I like my NorthFace back pack. It is big, has reflector strips, and side pockets for keys and clip covers. Very comfy pack..........MTT :thumbsup: Mine is much older than this one, but same idea for $55 retail. Can't go wrong with NF, and they always take stuff back if it breaks.

http://www.thenorthface.com/catalog/sc-gear/equipment-daypacks/jester-backpack.html


----------



## IndyFabCJ (Apr 1, 2006)

You want the best large backpack? Ergon's BC3. Weight disappears, it is a dry bag, and is reflective.

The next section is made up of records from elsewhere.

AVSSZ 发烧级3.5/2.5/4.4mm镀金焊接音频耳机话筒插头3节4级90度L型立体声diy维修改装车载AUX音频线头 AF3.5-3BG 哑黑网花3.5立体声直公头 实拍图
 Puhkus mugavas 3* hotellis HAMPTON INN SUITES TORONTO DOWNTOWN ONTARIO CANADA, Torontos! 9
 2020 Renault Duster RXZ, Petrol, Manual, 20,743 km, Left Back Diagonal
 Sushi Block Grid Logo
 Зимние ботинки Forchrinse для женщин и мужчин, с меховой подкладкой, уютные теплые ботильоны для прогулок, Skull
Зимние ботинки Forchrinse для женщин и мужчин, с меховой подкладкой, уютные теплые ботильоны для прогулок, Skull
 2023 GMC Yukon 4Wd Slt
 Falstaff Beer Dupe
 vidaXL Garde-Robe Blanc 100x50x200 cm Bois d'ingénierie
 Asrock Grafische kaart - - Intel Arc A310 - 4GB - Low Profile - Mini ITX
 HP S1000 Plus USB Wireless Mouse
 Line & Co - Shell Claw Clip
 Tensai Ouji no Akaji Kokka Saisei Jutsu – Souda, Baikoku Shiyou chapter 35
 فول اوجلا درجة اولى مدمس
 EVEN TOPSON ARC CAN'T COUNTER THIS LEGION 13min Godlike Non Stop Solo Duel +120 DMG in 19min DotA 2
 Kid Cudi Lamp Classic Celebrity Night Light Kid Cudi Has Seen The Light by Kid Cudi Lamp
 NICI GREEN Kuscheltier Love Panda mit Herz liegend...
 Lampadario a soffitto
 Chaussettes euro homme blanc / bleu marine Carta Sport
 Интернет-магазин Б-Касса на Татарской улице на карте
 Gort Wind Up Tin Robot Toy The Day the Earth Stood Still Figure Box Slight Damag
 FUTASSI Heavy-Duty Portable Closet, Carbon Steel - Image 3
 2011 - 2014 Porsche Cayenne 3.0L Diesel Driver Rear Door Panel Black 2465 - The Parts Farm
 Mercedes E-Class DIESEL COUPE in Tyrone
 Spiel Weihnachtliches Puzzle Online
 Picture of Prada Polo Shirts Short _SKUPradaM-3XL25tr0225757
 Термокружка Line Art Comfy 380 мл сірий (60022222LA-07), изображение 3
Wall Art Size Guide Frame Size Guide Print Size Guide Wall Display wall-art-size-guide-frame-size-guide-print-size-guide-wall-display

Worth every penny and more.


----------



## kg1 (Apr 17, 2002)

*Tom Bihn*

I've used this backpack for several years now and it still looks like new.

http://www.tombihn.com/page/001/PROD/100/TB0104

It's pricy, but it holds my laptop a few files, and a day's worth of clothes -- even a sweater in the winter. In addition, this pack serves as my cary-on when I'm on vacation, and my briefcase if I am traveling for work.

I don't have any trouble commuting with a pack on back, and fully loaded, with laptop, shoes, clothes, files, etc., mine's over 20lbs.

Good luck with the commute.

Thanks.

kg1


----------



## Art853 (May 30, 2003)

There are different types of reflective triangles and vests (bib style) that you can connect to your backpack or self.


----------



## Hjalti (Feb 26, 2004)

How LARGE? Not sure about reflectivity....


----------